*** Begin section ***

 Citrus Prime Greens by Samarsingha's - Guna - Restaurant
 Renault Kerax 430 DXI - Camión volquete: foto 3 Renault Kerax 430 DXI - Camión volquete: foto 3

*** End section ***
*** Begin section ***

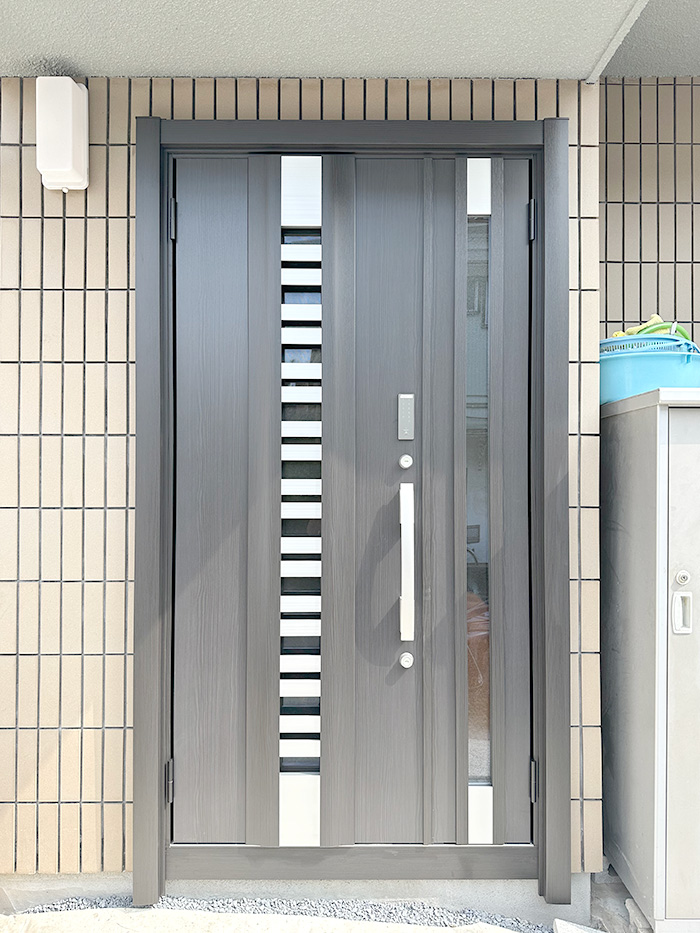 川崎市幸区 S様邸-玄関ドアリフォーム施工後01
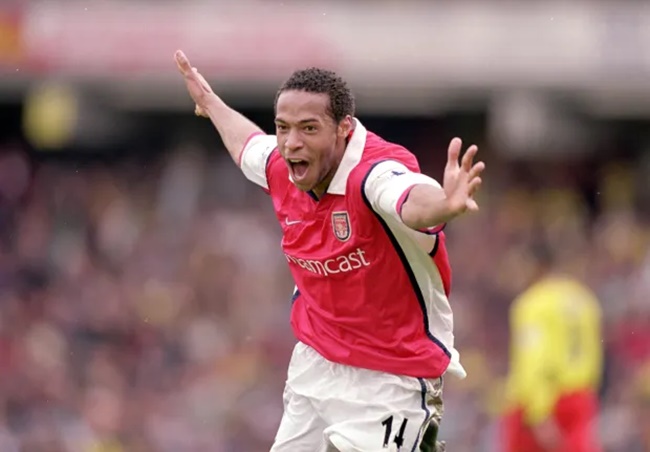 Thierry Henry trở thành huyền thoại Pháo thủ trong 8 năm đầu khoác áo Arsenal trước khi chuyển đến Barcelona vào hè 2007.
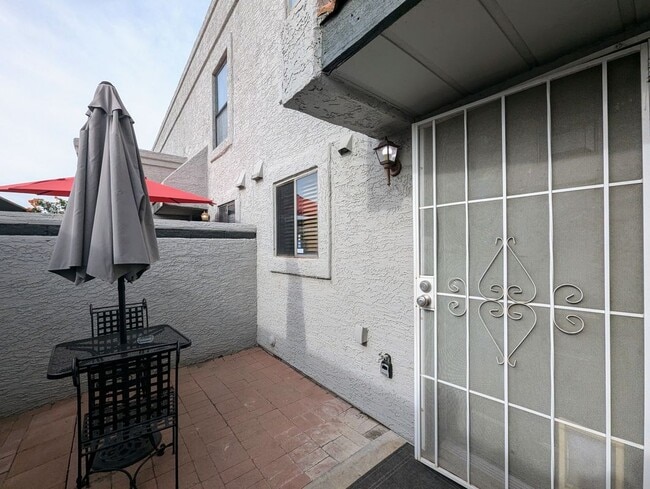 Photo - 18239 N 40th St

*** End section ***

* _EXERCISE GOAL_:
From the listing above, repeat exactly the lines starting at the line that includes "Citrus Prime Greens" and ending at the line that includes "Renault Kerax 430 DXI - Camión volquete: foto 3 Renault", with nothing outside that span.

* _RESULT OF THIS TASK_:
 Citrus Prime Greens by Samarsingha's - Guna - Restaurant
 Renault Kerax 430 DXI - Camión volquete: foto 3 Renault Kerax 430 DXI - Camión volquete: foto 3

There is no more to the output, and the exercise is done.